Solution verification of: $f$ periodic and $\lim_{x \to \infty} f(x)$ exists implies $f$ is constant

Question

Let $f$ be a periodic function. Show that if $\lim_{x \to \infty} f(x)$ exists in $\mathbb{R}$, then $f$ is a constant function. Use this result to prove that $\lim_{x \to \infty} \sin x$ doesn't exist.

My proof: let $\epsilon>0$. By hypothesis $\lim_{x \to \infty} f(x)$ exists, hence there exists $M_{\epsilon/2}>0$ such that $x \ge M_{\epsilon/2} \implies |f(x)-l|<\frac{1}{2}\epsilon$.

Since this holds for any $x \ge M_{\epsilon/2}$, given two arbitrary $x_1,x_2 \ge M_{\epsilon/2}$ it is $|f(x_1)-f(x_2)|=|f(x_1)-l+l-f(x_2)|\le|f(x_1)-l|+|f(x_2)-l|<\frac{1}{2}\epsilon+\frac{1}{2}\epsilon=\epsilon$.

Since $\epsilon>0$ is arbitrary and $x_1,x_2 \ge M_{\epsilon/2}$ are arbitrary, this holds for any $\epsilon>0$ and for any $x_1,x_2 \ge M_{\epsilon/2}$; so $|f(x_1)-f(x_2)|=0$ for any $x_1,x_2 \ge M_{\epsilon/2}$, that is $f(x_1)=f(x_2)$ for any $x_1,x_2 \ge M_{\epsilon/2}$, thus $f$ is constant in $[M_{\epsilon/2},\infty)$.

By hypothesis $f$ is periodic with period $T>0$, being $[M_{\epsilon/2},M_{\epsilon/2}+T] \subset [M_{\epsilon/2},\infty)$ it follows that, in particular, $f$ is constant in $[M_{\epsilon/2},M_{\epsilon/2}+T]$. So, by periodicity, $f$ is constant in $\mathbb{R}$.

To prove that $\lim_{x \to \infty} \sin x$ doesn't exist I used the fact that $p \implies q$ is equivalent to $\neg q \implies \neg p$, so if $f$ is periodic and not constant, then $\lim_{x \to \infty} f(x)$ doesn't exist.

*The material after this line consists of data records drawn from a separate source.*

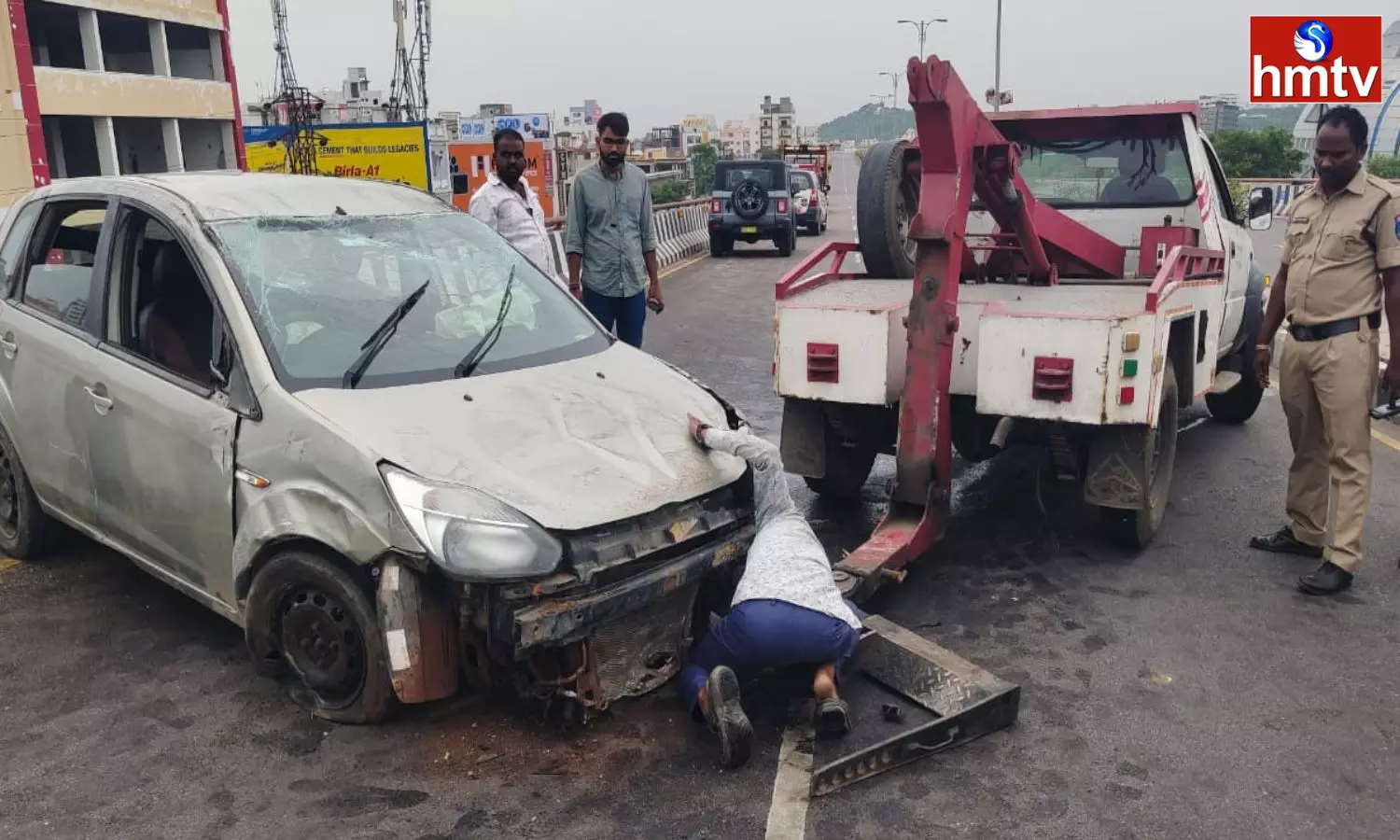 Road Accident On PV Narasimha Rao Flyover In Hyderabad Road Accident On PV Narasimha Rao Flyover In Hyderabad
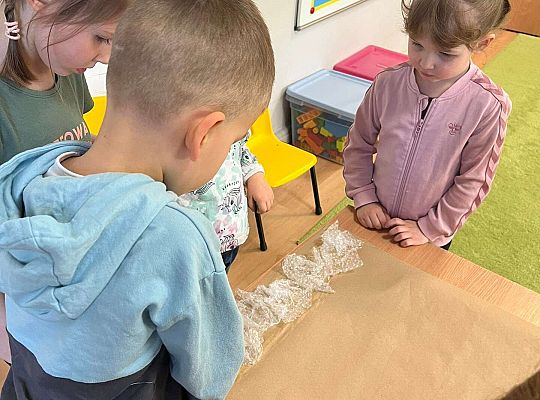 Dzieci wykonują wspólnie eko - pracę plastyczną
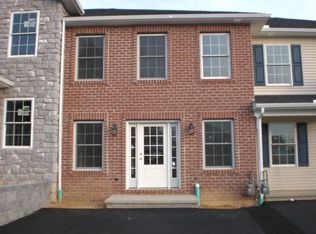 1026 4th Ave, Oberlin, PA 17113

Since $\sin x$ is periodic and not constant, $\lim_{x \to \infty} \sin x$ doesn't exist.

Is this all correct? I am not quite sure about the proof of the fact that $f$ is constant.

Answer 1

The following paragraph is not correct:

"Since $\epsilon>0$ is arbitrary and $x_1,x_2 \ge M_{\epsilon/2}$ are arbitrary, this holds for any $\epsilon>0$ and for any $x_1,x_2 \ge M_{\epsilon/2}$, so $|f(x_1)-f(x_2)|=0$ for any $x_1,x_2 \ge M_{\epsilon/2}$, that is $f(x_1)=f(x_2)$ for any $x_1,x_2 \ge M_{\epsilon/2}$, thus $f$ is constant in $[M_{\epsilon/2},\infty)$."

Indeed, your $x_1, x_2$ depend on $\varepsilon$ such that you do not have, for $x_1, x_2$ fixed, $|f(x_1) - f(x_2)| < \varepsilon$ for all $\varepsilon$. To prove that $f$ is constant you must use the periodicity of the function $f$. Let us do it by contradiction.

Assume that $f$ is not constant, i.e. there is $x, y$ such that $|f(x) - f(y)| = \delta > 0$. If $T$ is the period of $f$, we may assume that $x, y \in [0,T]$ without lost of generality. Let $\varepsilon = \delta /2$. As you said, there is a $M_\varepsilon$ and $m \in \mathbb N$ such that $x + mT, y + mT \ge M_\varepsilon$ and $$|f(x + m T) - f(y + mT)| = |f(x ) - f(y)| < \varepsilon.$$ This is a contradiction by definition of $x, y$.